Now: TUI imports tools/calls instead of tools. Since the calls sub-package was created (rec #4), this is the
"alternative" recommendation — the classify-related types live in tools/calls/ and TUI imports that. However,
the deeper coupling remains: TUI directly manipulates calls.ClassifyState, calls calls.FormatLabels(), and
calls.BindingResult. The types weren't extracted to utils/.
Verdict: The dependency is now on a more focused sub-package rather than the god package, which is an
improvement. But the TUI↔business-logic coupling remains.
### 10. Error Handling: os.Exit in cmd/ — ✅ MOSTLY RESOLVED
Was: 174 os.Exit calls across cmd/ files.
Now: Only 14 os.Exit calls remain in cmd/ (down from 174!).

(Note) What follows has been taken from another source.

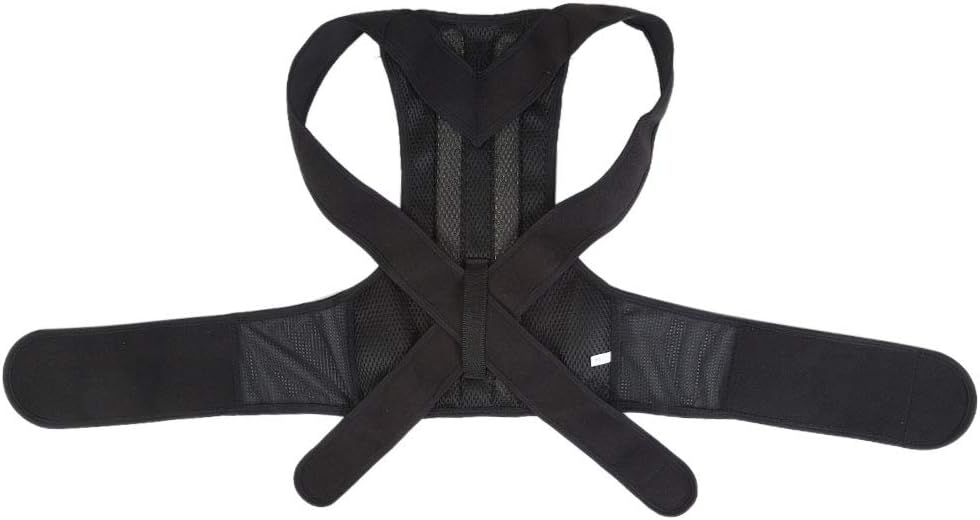 Back Brace Posture Corrector for Men and Women,1 Adjustable Posture Back Brace for Upper and Lower Back Discomfort Relief Muscle Memory Support Straightener (XXL)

Of those:
- 5 are in cmd/common.go's mustValue/mustIntValue (unrecoverable CLI parse errors)
- 9 are in calls_classify.go, calls_modify.go, calls_push_certainty.go (TUI-related exit paths)

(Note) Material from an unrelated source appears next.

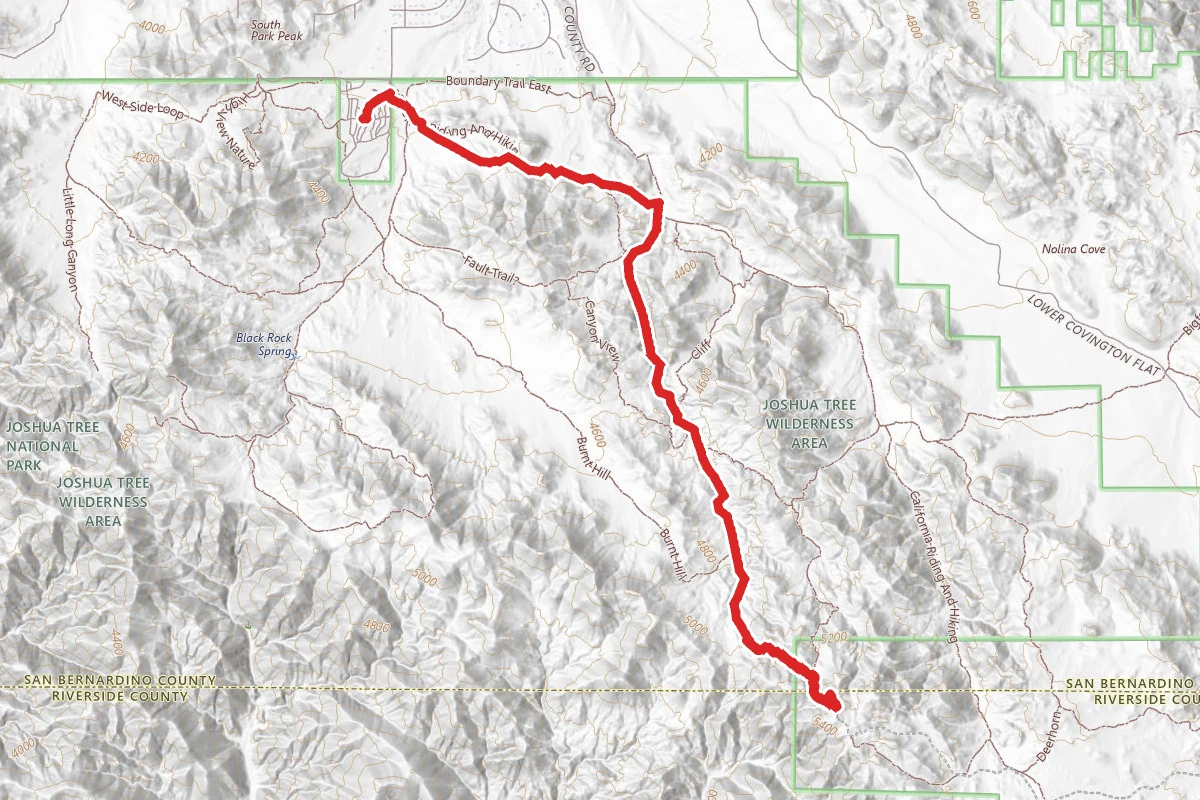 Eureka Peak Trail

Most Run* functions now return error. main.go has a clean dispatch with if err := handler(...); err != nil →
single os.Exit(1). The ErrHelpRequested sentinel enables clean help exits.

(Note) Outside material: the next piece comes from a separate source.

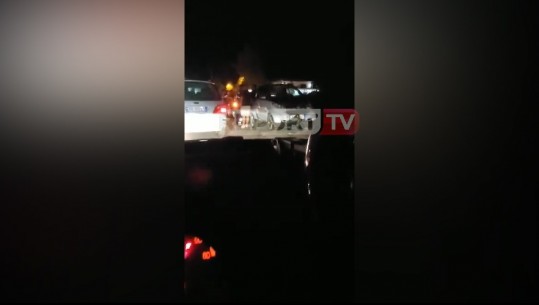 Aksident në Tiranë, shoferja përplas këmbësorin (PAMJET)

Remaining: 9 os.Exit calls in the classify/modify/push-certainty commands — these are the TUI-adjacent
commands where the pattern is slightly different (TUI launch, signal handling). Still improvable but
dramatically better.
────────────────────────────────────────────────────────────────────────────────
Summary Table
┌────┬─────────────────────────┬─────────────┬──────────────────────────────────────────────────────────────┐
│ # │ Recommendation │ Status │ Notes │
├────┼─────────────────────────┼─────────────┼──────────────────────────────────────────────────────────────┤
│ 1 │ Eliminate var dbPath │ ✅ Done │ DBPath in every Input struct, SetDBPath gone │
├────┼─────────────────────────┼─────────────┼──────────────────────────────────────────────────────────────┤
│ 2 │ Consolidate │ ✅ Mostly │ db/validation.go expanded; 2 thin wrappers remain in │
│ │ verify/validate │ done │ cluster.go │
├────┼─────────────────────────┼─────────────┼──────────────────────────────────────────────────────────────┤
│ 3 │ Reduce cyclomatic │ 🟡 Marginal │ No functions >14, but 6 at exactly 14; still 28+ in 11–13 │
│ │ complexity │ │ range │
├────┼─────────────────────────┼─────────────┼──────────────────────────────────────────────────────────────┤
│ 4 │ Split tools/ god │ ✅ Done │ Split into tools/, tools/calls/, tools/import/ │
│ │ package │ │ │
├────┼─────────────────────────┼─────────────┼──────────────────────────────────────────────────────────────┤
│ 5 │ Reduce cmd/ boilerplate │ 🟡 Partial │ SetDBPath gone, checkFlags helper added, errors returned; │
│ │ │ │ but 29 FlagSets still repeated │
├────┼─────────────────────────┼─────────────┼──────────────────────────────────────────────────────────────┤
│ 6 │ Deduplicate MarshalJSON │ 🟡 Partial │ JSONTime helper added, but 4 MarshalJSON methods still │
│ │ │ │ duplicate structs │
├────┼─────────────────────────┼─────────────┼──────────────────────────────────────────────────────────────┤
│ 7 │ Move AviaNZ types │ ✅ Done │ Moved to tools/calls/avianz_types.go │
├────┼─────────────────────────┼─────────────┼──────────────────────────────────────────────────────────────┤
│ 8 │ Standardize DB access │ 🟡 Partial │ CRUD uses WithWriteTx consistently; 4 import files still use │
│ │ │ │ OpenWriteableDB │
├────┼─────────────────────────┼─────────────┼──────────────────────────────────────────────────────────────┤
│ 9 │ TUI→tools coupling │ 🟡 Partial │ Now imports tools/calls (more focused), but still deeply │
│ │ │ │ coupled to ClassifyState │
├────┼─────────────────────────┼─────────────┼──────────────────────────────────────────────────────────────┤
│ 10 │ Eliminate os.Exit in │ ✅ Mostly │ Down from 174→14; most functions return errors; main.go │
│ │ cmd/ │ done │ dispatches │
└────┴─────────────────────────┴─────────────┴──────────────────────────────────────────────────────────────┘
Overall: 3 fully resolved, 4 mostly/partially done with remaining work, 3 with marginal improvement. The
biggest wins were eliminating the global dbPath (rec #1), splitting the god package (rec #4), and the os.Exit
cleanup (rec #10). The remaining work is mostly medium-priority: the import audit gap (rec #8), the cmd/
FlagSet boilerplate (rec #5), and the MarshalJSON struct duplication (rec #6).